**Aim of the task**. The records below are to be written out again, exactly as they appear.

*** Opening Provided data ***

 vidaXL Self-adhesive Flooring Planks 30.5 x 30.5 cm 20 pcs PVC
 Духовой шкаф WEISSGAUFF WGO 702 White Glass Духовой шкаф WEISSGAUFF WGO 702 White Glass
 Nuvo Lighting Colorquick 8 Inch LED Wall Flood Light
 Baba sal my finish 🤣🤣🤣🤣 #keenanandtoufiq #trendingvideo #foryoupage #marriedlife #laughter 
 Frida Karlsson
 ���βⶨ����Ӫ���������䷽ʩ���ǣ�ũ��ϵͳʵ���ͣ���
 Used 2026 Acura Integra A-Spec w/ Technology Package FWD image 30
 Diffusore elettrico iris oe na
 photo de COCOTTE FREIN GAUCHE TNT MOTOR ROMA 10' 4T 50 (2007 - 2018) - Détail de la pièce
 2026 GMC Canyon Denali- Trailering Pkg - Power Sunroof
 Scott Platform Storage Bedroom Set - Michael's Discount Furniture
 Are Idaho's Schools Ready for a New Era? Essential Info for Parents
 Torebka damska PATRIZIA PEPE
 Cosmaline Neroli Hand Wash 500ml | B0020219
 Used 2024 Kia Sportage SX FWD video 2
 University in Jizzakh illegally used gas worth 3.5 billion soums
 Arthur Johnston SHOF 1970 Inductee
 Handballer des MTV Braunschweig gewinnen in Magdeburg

*** Closing Provided data ***

**Response for this exercise**.
 vidaXL Self-adhesive Flooring Planks 30.5 x 30.5 cm 20 pcs PVC
 Духовой шкаф WEISSGAUFF WGO 702 White Glass Духовой шкаф WEISSGAUFF WGO 702 White Glass
 Nuvo Lighting Colorquick 8 Inch LED Wall Flood Light
 Baba sal my finish 🤣🤣🤣🤣 #keenanandtoufiq #trendingvideo #foryoupage #marriedlife #laughter 
 Frida Karlsson
 ���βⶨ����Ӫ���������䷽ʩ���ǣ�ũ��ϵͳʵ���ͣ���
 Used 2026 Acura Integra A-Spec w/ Technology Package FWD image 30
 Diffusore elettrico iris oe na
 photo de COCOTTE FREIN GAUCHE TNT MOTOR ROMA 10' 4T 50 (2007 - 2018) - Détail de la pièce
 2026 GMC Canyon Denali- Trailering Pkg - Power Sunroof
 Scott Platform Storage Bedroom Set - Michael's Discount Furniture
 Are Idaho's Schools Ready for a New Era? Essential Info for Parents
 Torebka damska PATRIZIA PEPE
 Cosmaline Neroli Hand Wash 500ml | B0020219
 Used 2024 Kia Sportage SX FWD video 2
 University in Jizzakh illegally used gas worth 3.5 billion soums
 Arthur Johnston SHOF 1970 Inductee
 Handballer des MTV Braunschweig gewinnen in Magdeburg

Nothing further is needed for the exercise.